Singur is a small farming community in the West Bengal province of India. The agricultural way of life has supported the people of this community for hundreds of years. Their land is particularly fertile due to the fact that it is part of the Hooghly river valley. The land in this area is capable of producing multiple rice harvests each year and has been a source of wealth for the villages of this area for generations.

Tata Motors is part of a vast multinational corporation that emerged from the recent successful industrialisation of India that has occurred over the last 20 years. Tata Group, founded in 1868 by Jamsetji Nusserwanji Tata as a trading company in Bombay, is one of the largest conglomerates in the world. Ushered in by reforms starting in 1990, the opening up of the Indian economy allowed Tata Holdings to become one of the most powerful international businesses in the world.

Tata motors took the decision to build a new plant in Singur as a result of a secret contract with the government. This is particularly ironic since the ruling government of the West Bengal province proclaims itself to be Communist.

The people of Singur have halted construction work at the new plant through a combination of political pressure and protests. These actions have forced the government to return to the negotiating table with Tata Motors to revisit the compensation offered to the people of Singur farmers.

Many reports present this issue as a matter of financial compensation that paints the farmers as money grubbing complainers who are upset about not getting their fair share of what is expected to be a very successful project. For some farmers, this characteristic may very well be true. It is very easy to paint the leaders of the protest movement with this brush, but not all of the farmers think this way. One farmer, Tayab Ali Mandal, 52, of Joymolla village, is quoted as saying, "We are farmers; we know only farm work; we don't know any paper-pencil work... I won't go inside that place even to urinate. We are disgusted by that place."

There are some protesting farmers, such as Gopal Santra, who would not even accept money for their land, but some reports misrepresent this as a tactic to ensure that they got a better deal for the sale.

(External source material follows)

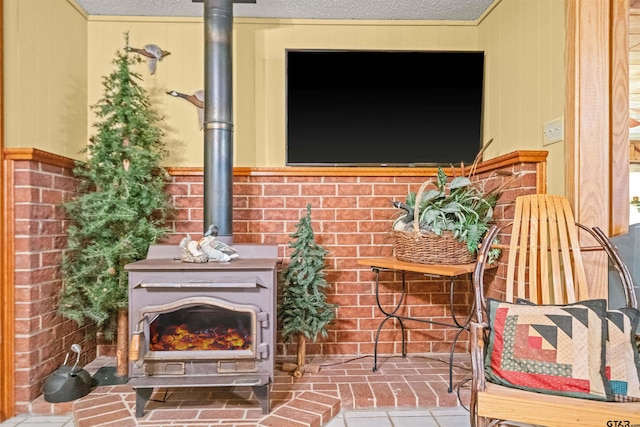 interior space with a textured ceiling, tile patterned flooring, and a wood stove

This problem of industrialisation versus agriculture will only grow larger as the amount of arable land around the world shrinks. It would seem that it would be far more prudent to place factories in locations where agriculture will not work effectively, especially in a country of 1.1 billion people, where the lack of food has in the past become a major issue. Meanwhile, the people of India's farming class continue to be faced with the decision of abandoning their traditional way of life for an uncertain life in the cities, where every form of human corruption flourishes among the rich and the poor alike.